Deployment Predictions
Deployment predictions uses the DataRobot Python Client: datarobot to handle authentication and making request to the DataRobot API. The package is automatically installed as a dependency of datarobot-predict.
The following example shows how to authenticate using an API token. For other authentication examples and usage info, take a look at the DataRobot API quickstart.
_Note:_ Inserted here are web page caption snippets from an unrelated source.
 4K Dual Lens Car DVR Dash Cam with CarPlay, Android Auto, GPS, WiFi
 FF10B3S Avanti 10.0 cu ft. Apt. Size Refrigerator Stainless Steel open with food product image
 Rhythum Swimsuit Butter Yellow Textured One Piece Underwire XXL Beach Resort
More information about the DataRobot Prediction API can be found in the DataRobot docs.
To compute deployment predictions, instantiate a datarobot.Deployment
and pass it to
the predict function
import datarobot as dr
from datarobot_predict.deployment import predict
dr.Client(
endpoint='https://app.datarobot.com/api/v2',
token='NjE3ZjA3Mzk0MmY0MDFmZGFiYjQ0MztergsgsQwOk9G'
)
deployment = dr.Deployment.get(deployment_id="635f85940ca2497cb57a54b8")
result_df, response_headers = predict(deployment, input_df)
The return type of the predict function is
PredictionResult which is a named tuple
containing properties dataframe
and response_headers
. The dataframe
property
contains prediction results while response_headers
makes it possible to retrieve
various metadata like the model id associated with the deployment:
result = predict(deployment, input_df)
predictions = result.dataframe
model_id = result.response_headers["X-DataRobot-Model-Id"]
Prediction Explanations
To compute explanations, set max_explanations
to a positive value
df_with_explanations, _ = predict(
deployment,
df,
max_explanations=3
)
If max_explanations
is 0 and explanation_algorithm
is set to shap
,
all explanations will be computed
df_with_explanations, _ = predict(
deployment,
df,
explanation_algorithm="shap"
)
Time Series
Forecast point predictions are returned by default if no other arguments are provided
for a Time Series Model.
The forecast point can be specified using the forecast_point
parameter or
auto-detected.
result_df, _ = predict(
deployment,
df,
forecast_point=datetime.datetime(1958, 6, 1)
)
To do historical predictions, set time_series_type
accordingly
from datarobot_predict import TimeSeriesType
result_df, _ = predict(
deployment,
df,
time_series_type=TimeSeriesType.HISTORICAL,
predictions_start_date=datetime.datetime(2020, 1, 1),
predictions_end_date=datetime.datetime(2022, 6, 1),
)
Unstructured models
Predictions can be computed for unstructured custom models using the function predict_unstructured. The following example shows how to make a request to a unstructured deployment with a binary file as the argument.
with open("image.jpg", "rb") as file:
content, response_headers = predict_unstructured(
deployment,
data=file,
content_type="image/jpeg"
)
It is also possible to use DataFrame input/output for custom models which use csv input/output. Simply, pass a DataFrame as the data argument:
result_df, response_headers = predict_unstructured(
deployment,
data=input_df
)
Using a custom prediction endpoint
It is possible to force a specific prediction endpoint for
the predict function using
the prediction_endpoint
parameter. This can be used in an enterprise installation that
has multiple prediction servers or together with the Portable Prediction Server(PPS).
This example shows how to make a request to a PPS using single-model mode
result_df, _ = predict(
deployment=None,
data_frame=df,
prediction_endpoint="http://localhost:8080"
)
The deployment
parameter is set to None
since there is no deployment id associated
with PPS single-model mode.
For PPS multi-model mode, deployment
should be set to the sub directory where the
model package is located
result_df, _ = predict(
deployment="my_model",
data_frame=df,
prediction_endpoint="http://localhost:8080"
)
For more information about PPS, see the DataRobot docs.
Limitations
- Requests will timeout after 600 seconds.
- The input DataFrame converted to csv has be less than 50MB or an exception will be raised.
For large and long-running requests, consider using the Batch Prediction API.